The trial judge in this case testified that prior to declaring a mistrial, he was concerned about the effect the breaking national news would have on the jury. The judge noted the seriousness of the charges and testified he was worried the jurors would not be able to devote their full attention to the evidence given the fact that the country appeared to be under attack. He further testified that he considered the option of instructing the jurors to return the next day. He testified he rejected the option because, once again, he was worried about the jurors’ ability to concentrate and because he did not know if the courthouse would be open the next day. Based on the particular facts in this case as well as the foregoing testimony, we conclude that the trial judge properly exercised his discretion in finding a manifest necessity for declaration of a mistrial. Appellant’s sole assignment of error is found not well-taken.Walls filed a petition for a writ habeas corpus in federal district court. Here the judge concluded that the state court judge's sua sponte decision to declare a mistrial violated the defendant's constitutional right against double jeopardy. A majority of the reviewing panel of the U.S. Court of Appeals for the Sixth Circuit disagreed, however. Judge Norris, joined by Judge McKeague found that the "Ohio Court of Appeals’ affirmance of [the judge's] declaration of a mistrial under these circumstances, grounded as it was on a concern about jury bias, is neither contrary to, nor an unreasonable application of, clearly established federal law as defined by any holding of the United States Supreme Court," and therefore no writ of habeas corpus was warranted. Judge Gilman dissented.
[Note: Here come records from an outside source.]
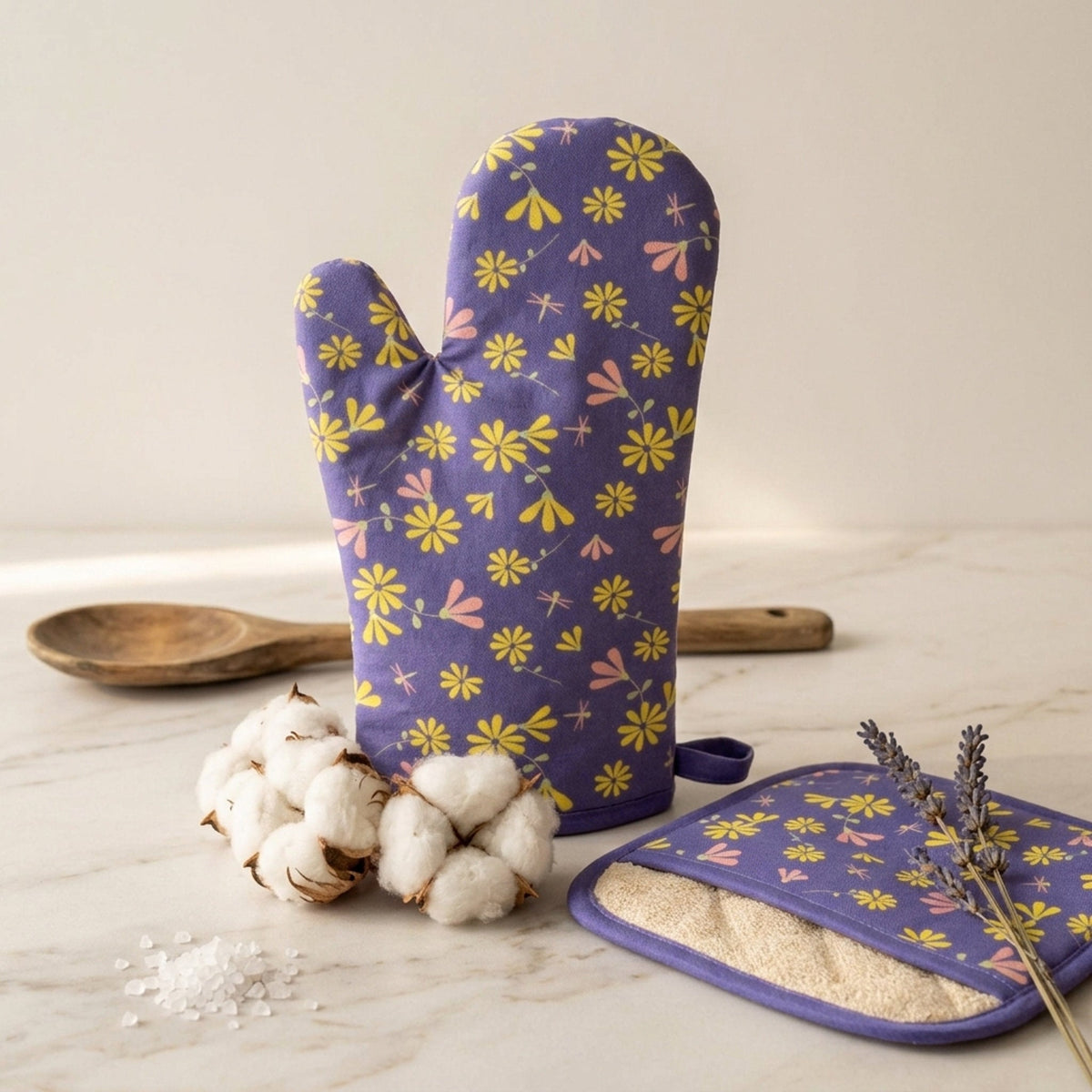 A purple oven mitt and matching pot holder with a yellow and pink floral print of the shy dragonfly collection, styled on a marble surface with cotton bolls, a wooden spoon, and lavender sprigs from Hem And Tassel
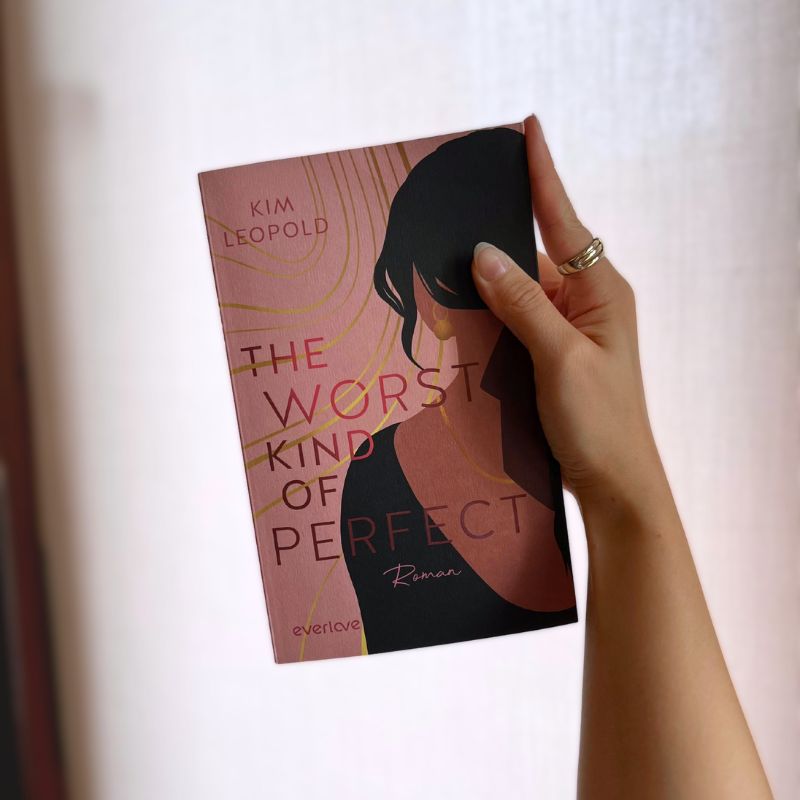 "The Worst Kind of Perfect" von Kim Leopold wird in einer Hand vor einer weißen Wand gehalten gehalten.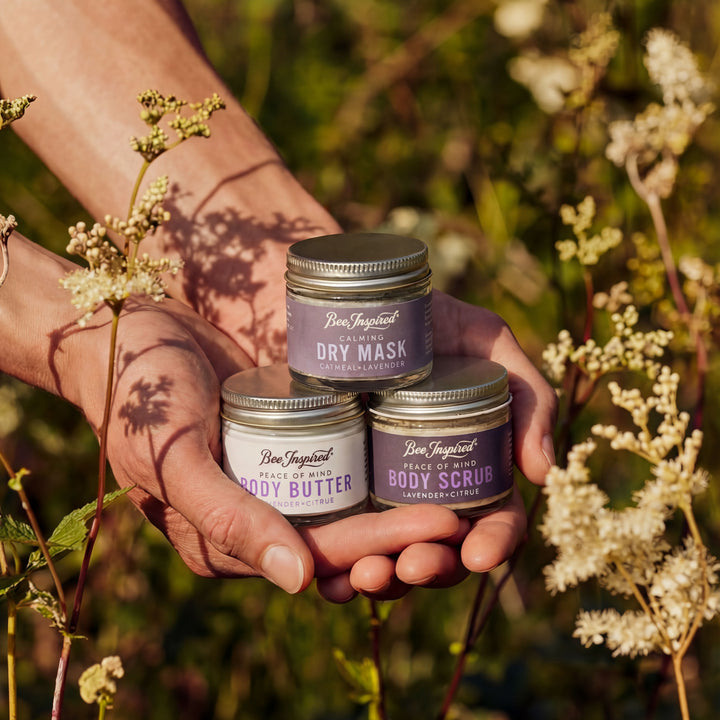 Three small containers of body care products held in hands with a natural background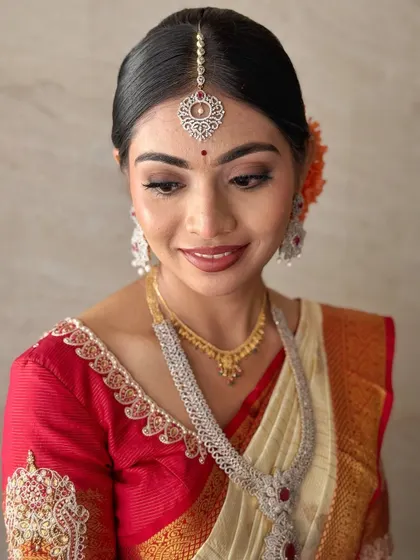 Jahnavi's smile says it all. This close-up shows the flawless application of her bridal makeup, designed to last through the long ceremony while looking fresh and radiant.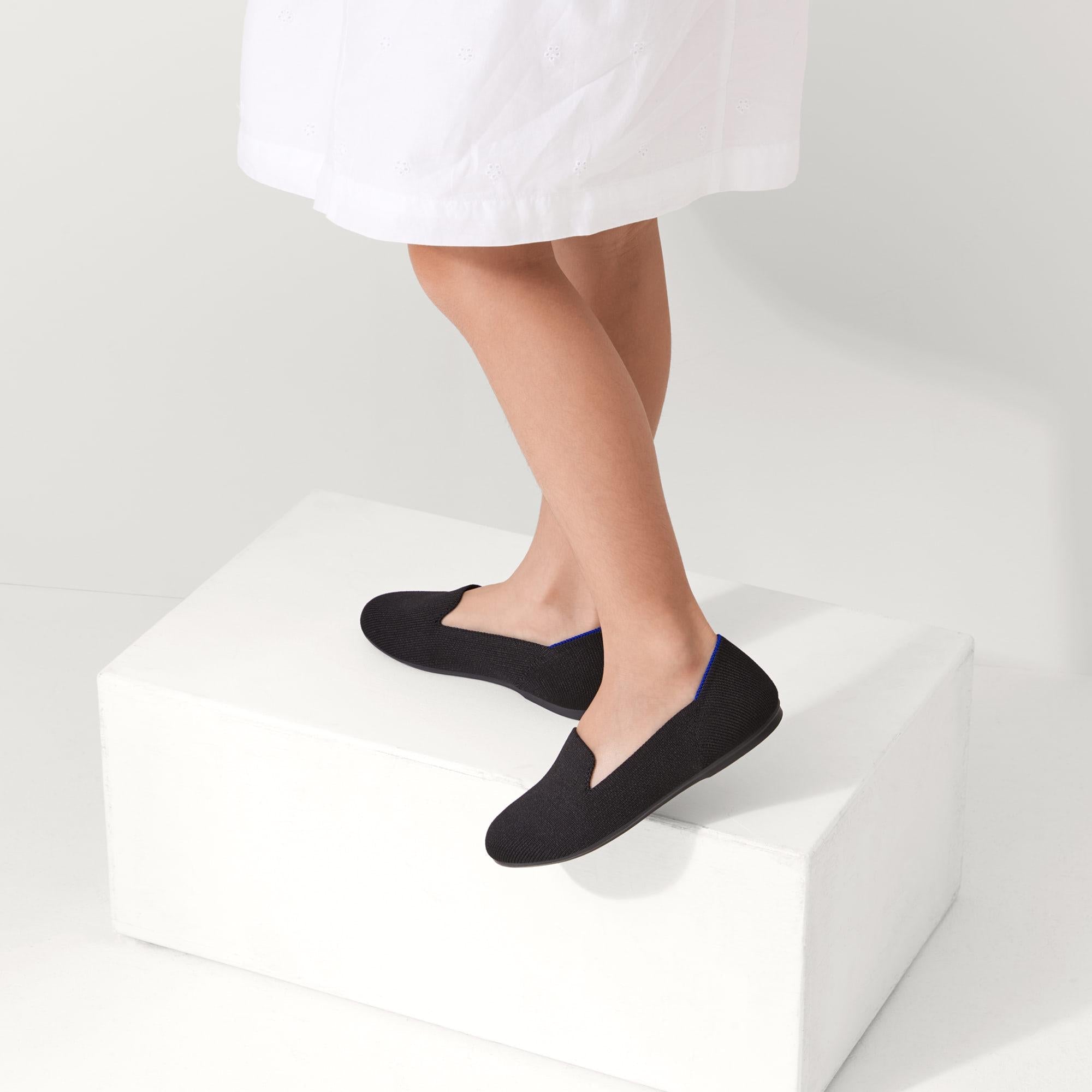 hover | The Kids slip-on Loafer in Black Solid shown on-model at an angle.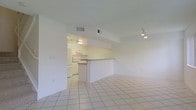 This two-floor space is designed with a clean, open-concept layout that emphasizes simplicity and functionality. The main living area is finished with large, light-toned ceramic tile flooring that extends throughout, creating a cohesive and easy-to-maintain surface underfoot. The white walls and ceiling contribute to a bright, airy atmosphere, while recessed HVAC vents are neatly integrated into the ceiling for a streamlined look. A track light fixture provides directional lighting to the living space.

A half-wall partition serves as a visual and functional divider between the living area and the kitchen, creating definition without sacrificing the open feel. The kitchen is equipped with white cabinetry, a range with a built-in overhead exhaust hood, and under-cabinet lighting that illuminates the workspace effectively. A countertop bar along the partition offers a casual dining or prep surface. The kitchen's slightly warmer lighting contrasts subtly with the cooler tones of the living space. Overall, the design prioritizes practicality and a neutral palette, making the space highly adaptable to a variety of furnishing styles.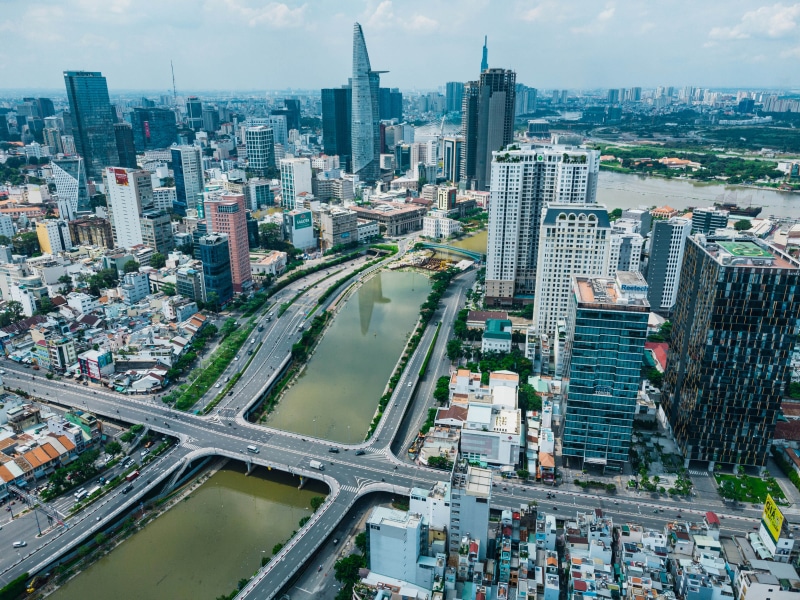 Ho Chi Minh City skyline with river and bridges from above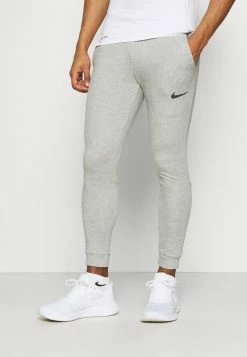 Nike Performance PANT TAPER - Tracksuit Bottoms - Dark Grey Heather/black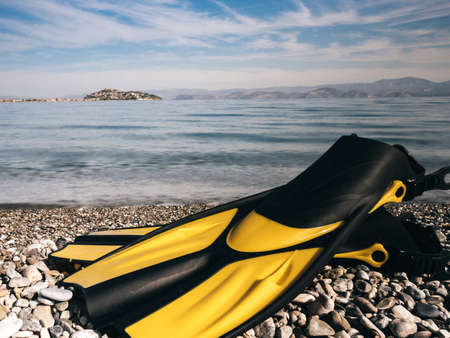 Swimming equipment flippers fins lying on stone beach sea shore. Summer vacation fun concept.の写真素材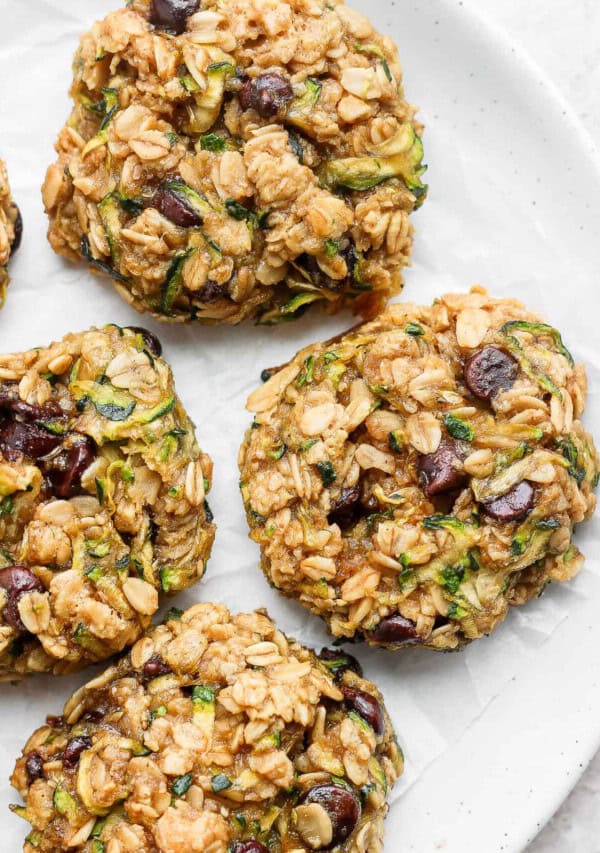 Zucchini oat cookies on a white plate.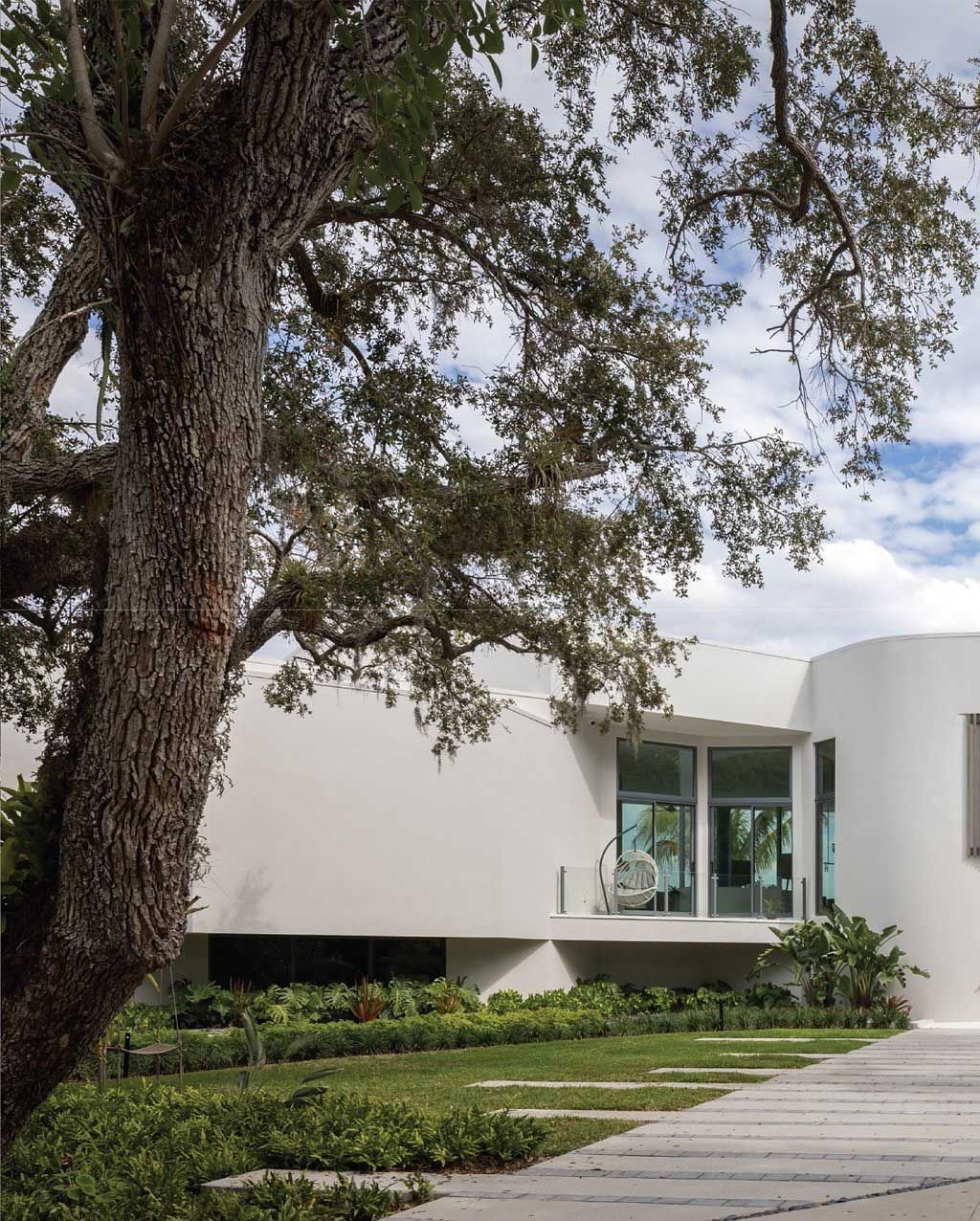 White curved modern house with large tree in front. Lush landscaping, cloudy sky.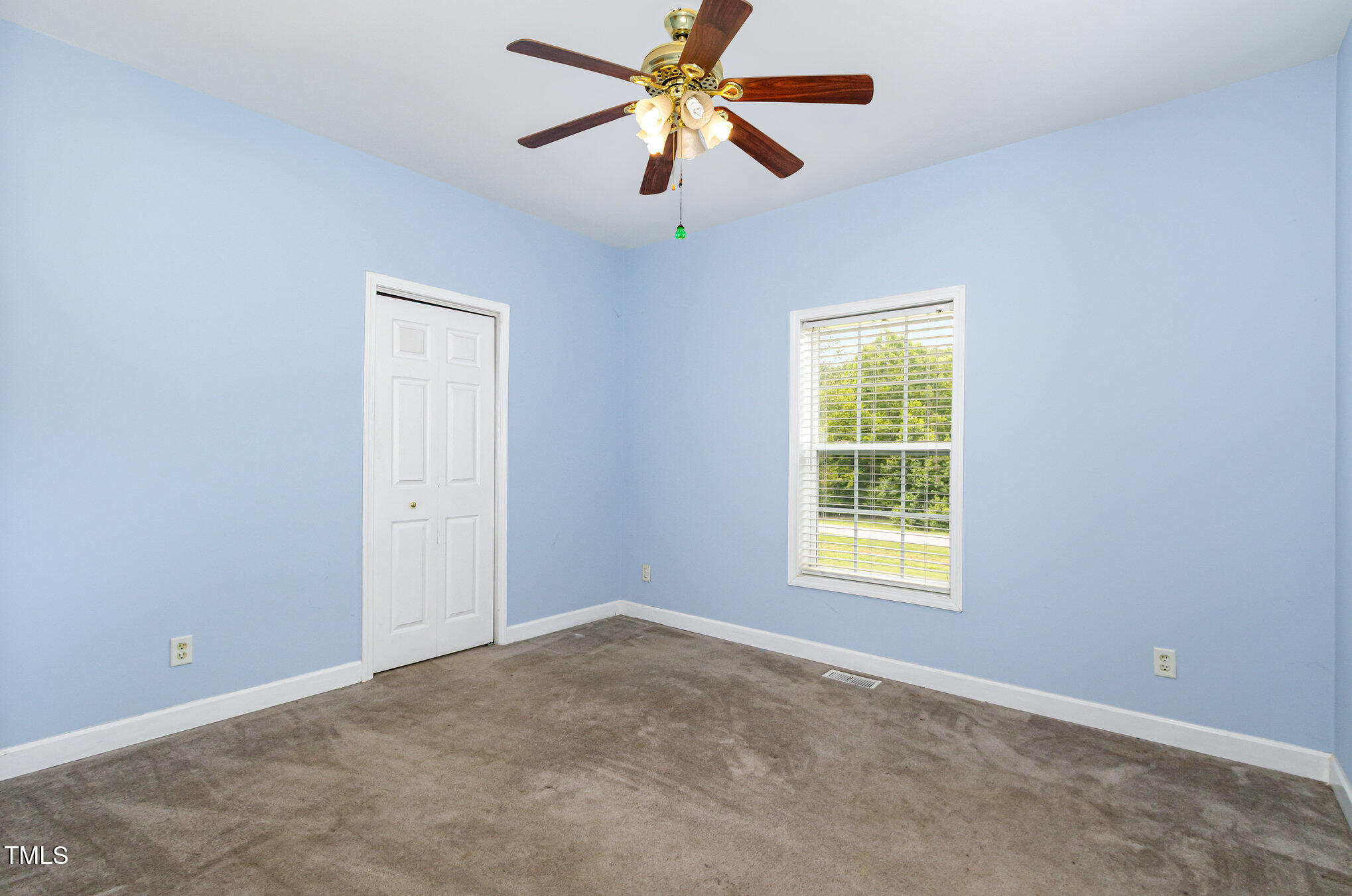 824 Kittrell Road Kittrell, NC 27544 - Photo 21 of 37 a view of a livingroom with a window and a ceiling fan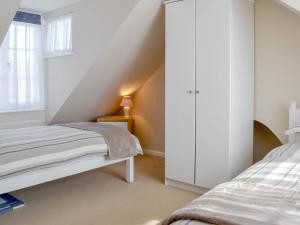 sypialnia z 2 łóżkami i białą szafką w obiekcie Courtyard Cottage w mieście Framlingham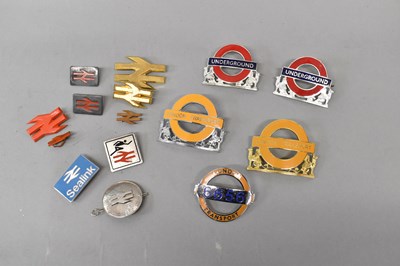 Lot 301 - Three London Transport cap badges, two...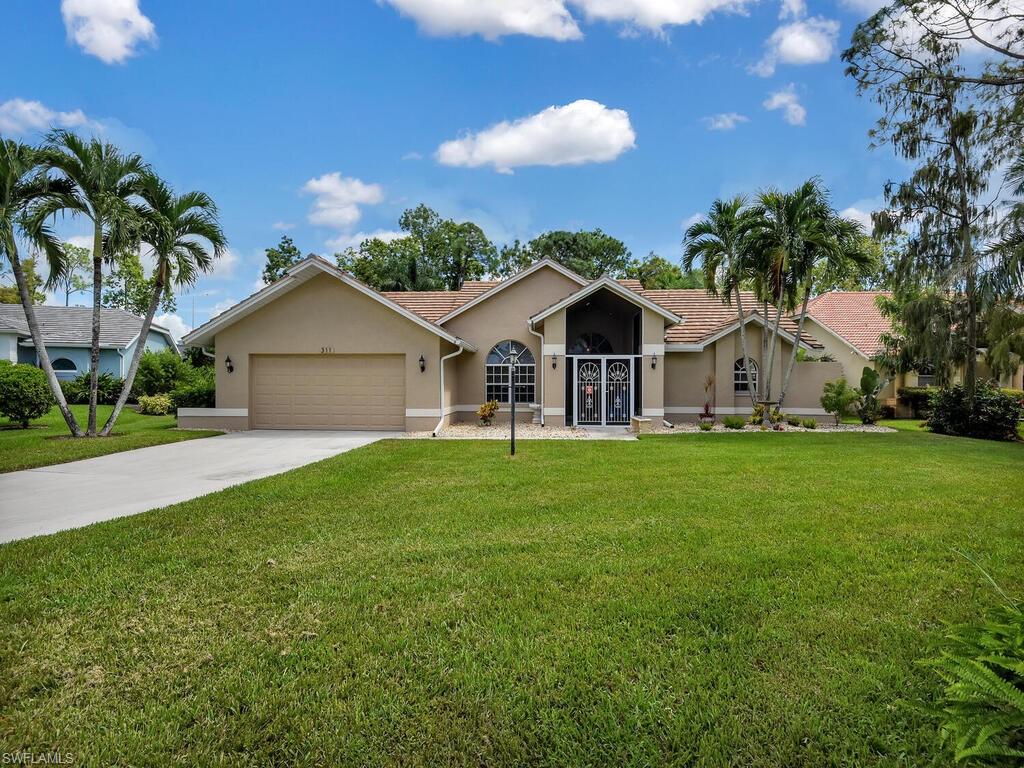 Houses like this don't come around often! Situated on over 1/2 acre lot on a cul-de-sac with extra long driveway, this 3 bedroom 2 bathroom home is loaded with upgrades.  These include porcelain tile throughout living areas, additional kitchen cabinets/wet bar area, granite counter tops, travertine backsplash, AC in garage, upgraded power supply to garage, new pool pump and resurfaced pool and deck area. Walking through the front door of this house you are met with a light and bright living space that flows into a large updated kitchen and family room. Living, family and master bedrooms open onto the extensive screened lanai area which has an island pre-plumbed ready for your outdoor kitchen. The fenced pool area is tranquil and private overlooking the large backyard and lush landscaping. Roof replaced in 2015. Berkshire Lakes has low HOA fees a community pool, tennis courts and bike jog paths. This house is located a 5 minute walk from groceries, restaurants and more.  Easy access to Olde Naples and I75.
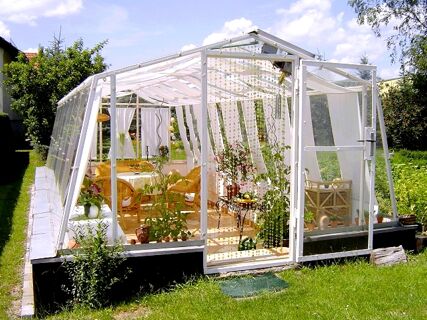 Greenhouse with white frame and glass walls featuring plants and wicker furniture at Privatpension Flemminger Hof in a garden setting
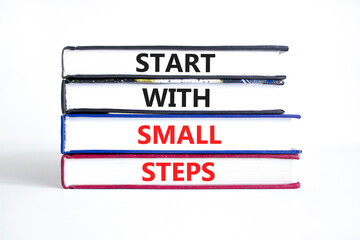 Start with small steps symbol. Concept words phrase Start with small steps on beautiful books....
The majority opinion cites the proper authorities and engages in the correct analysis, but I believe that it gives short shrift to one key fact that, if adequately factored in, would undermine much of its persuasiveness and lead to the opposite result. Specifically, the state trial judge possessed no knowledge concerning the potential effect of the September 11 attacks on the ability of the jurors to fulfill their civic duties in Walls’s case. Nor, of course, could he have possessed such knowledge; attacks like these had never before occurred on American soil. But the judge’s lack of familiarity with events that were totally extraneous to Walls’s trial distinguishes the present case from each of the cases cited . . . as examples of the deference usually accorded to a trial court’s evaluation of “possible juror bias.”